First clone the repo, then:
pip install -e .
Create a YAML configuration file named config.yaml
in the directory where you want to put the data with the following content:
paperoni:
paths:
database: papers.db
history: history
cache: cache
requests_cache: requests-cache
permanent_requests_cache: permanent-requests-cache
institution_patterns:
- pattern: ".*\\buniversit(y|é)\\b.*"
category: "academia"
All paths are relative to the configuration file. Insitution patterns are regular expressions used to recognize affiliations when parsing PDFs (along with other heuristics).
Make sure to set the $GIFNOC_FILE
environment variable to the path to that file.
To start the web app on port 8888, execute the following command:
grizzlaxy -m paperoni.webapp --port 8888
You can also add this section to the configuration file (same file as the paperoni config):
grizzlaxy:
module: paperoni.webapp
port: 8888
And then you would just need to run grizzlaxy
or grizzlaxy --config config-file.yaml
.
Once papers are in the system, the app can be used to validate them or perform searches. There are some steps to follow in order to populate the database:
- Go to http://127.0.0.1:8888/author-institution
- Enter a researcher's name, role at the institution, as well as a start date. The end date can be left blank, and then click
Add/Edit
- You can edit a row by clicking on it, changing e.g. the end date and clicking
Add/Edit
- Then, add IDs on Semantic Scholar: click on the number in the
Semantic Scholar IDs
column, which will open a new window. - This will query Semantic Scholar with the researcher's name. Each box represents a different Semantic Scholar ID. Select:
Yes
if the listed papers are indeed from the researcher. This ID will be scraped for this researcher.No
if the listed papers are not from the researcher. This ID will not be scraped.
Ignore OpenReview IDs for the time being, they might not work properly at the moment.
The scraping currently needs to be done on the command line.

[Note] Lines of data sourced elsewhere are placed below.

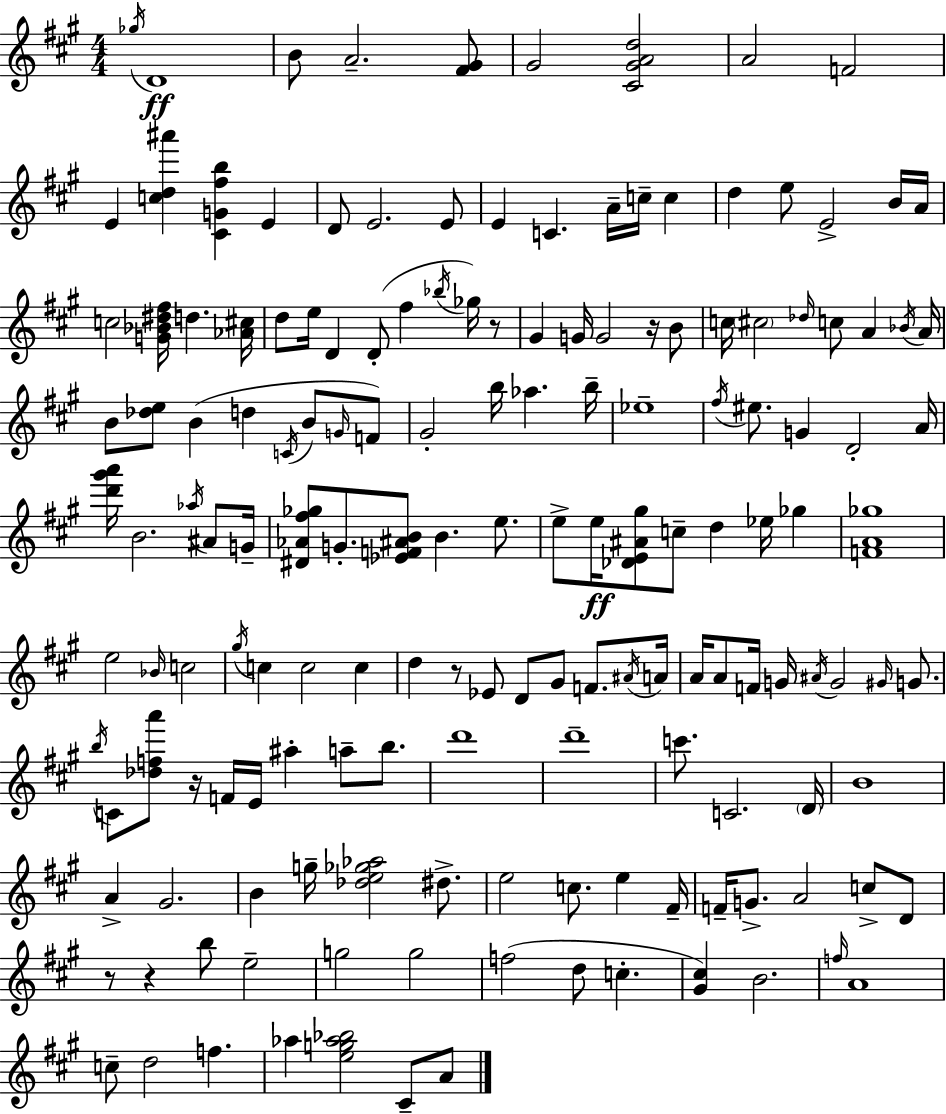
{
  \clef treble
  \numericTimeSignature
  \time 4/4
  \key a \major
  \acciaccatura { ges''16 }\ff d'1 | b'8 a'2.-- <fis' gis'>8 | gis'2 <cis' gis' a' d''>2 | a'2 f'2 | \break e'4 <c'' d'' ais'''>4 <cis' g' fis'' b''>4 e'4 | d'8 e'2. e'8 | e'4 c'4. a'16-- c''16-- c''4 | d''4 e''8 e'2-> b'16 | \break a'16 c''2 <g' bes' dis'' fis''>16 d''4. | <aes' cis''>16 d''8 e''16 d'4 d'8-.( fis''4 \acciaccatura { bes''16 } ges''16) | r8 gis'4 g'16 g'2 r16 | b'8 c''16 \parenthesize cis''2 \grace { des''16 } c''8 a'4 | \break \acciaccatura { bes'16 } a'16 b'8 <des'' e''>8 b'4( d''4 | \acciaccatura { c'16 } b'8 \grace { g'16 }) f'8 gis'2-. b''16 aes''4. | b''16-- ees''1-- | \acciaccatura { fis''16 } eis''8. g'4 d'2-. | \break a'16 <d''' gis''' a'''>16 b'2. | \acciaccatura { aes''16 } ais'8 g'16-- <dis' aes' fis'' ges''>8 g'8.-. <ees' f' ais' b'>8 b'4. | e''8. e''8-> e''16\ff <des' e' ais' gis''>8 c''8-- d''4 | ees''16 ges''4 <f' a' ges''>1 | \break e''2 | \grace { bes'16 } c''2 \acciaccatura { gis''16 } c''4 c''2 | c''4 d''4 r8 | ees'8 d'8 gis'8 f'8. \acciaccatura { ais'16 } a'16 a'16 a'8 f'16 g'16 | \break \acciaccatura { ais'16 } g'2 \grace { gis'16 } g'8. \acciaccatura { b''16 } c'8 | <des'' f'' a'''>8 r16 f'16 e'16 ais''4-. a''8-- b''8. d'''1 | d'''1-- | c'''8. | \break c'2. \parenthesize d'16 b'1 | a'4-> | gis'2. b'4 | g''16-- <des'' e'' ges'' aes''>2 dis''8.-> e''2 | \break c''8. e''4 fis'16-- f'16-- g'8.-> | a'2 c''8-> d'8 r8 | r4 b''8 e''2-- g''2 | g''2 f''2( | \break d''8 c''4.-. <gis' cis''>4) | b'2. \grace { f''16 } a'1 | c''8-- | d''2 f''4. aes''4 | \break <e'' g'' aes'' bes''>2 cis'8-- a'8 \bar "|."
}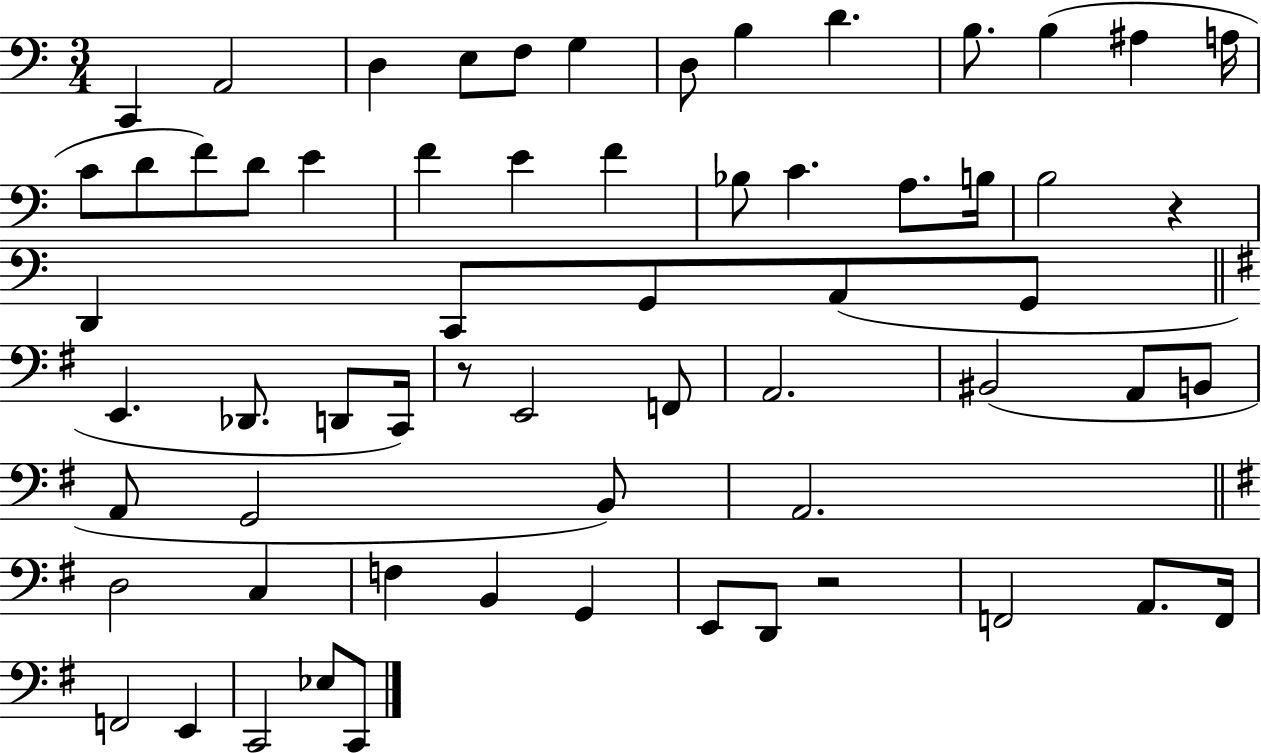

# Scrape from semantic_scholar
paperoni acquire semantic_scholar
# Get more information for the scraped papers
# E.g. download from arxiv and analyze author list to find affiliations
# It can be wise to use --limit to avoid hitting rate limits
paperoni acquire refine --limit 500
# Merge entries for the same paper; paperoni acquire does not do it automatically
paperoni merge paper_link
# Merge entries based on paper name
paperoni merge paper_name
Other merging functions are author_link
and author_name
for authors (not papers) and venue_link
for venues.
Go to http://127.0.0.1:8888/validation to validate papers. Basically, you click "Yes" if the paper should be in the collection and "No" if it should not be according to your criteria (because it comes from a homonym of the researcher, is in the wrong field, is just not a paper, etc. -- it depends on your use case.)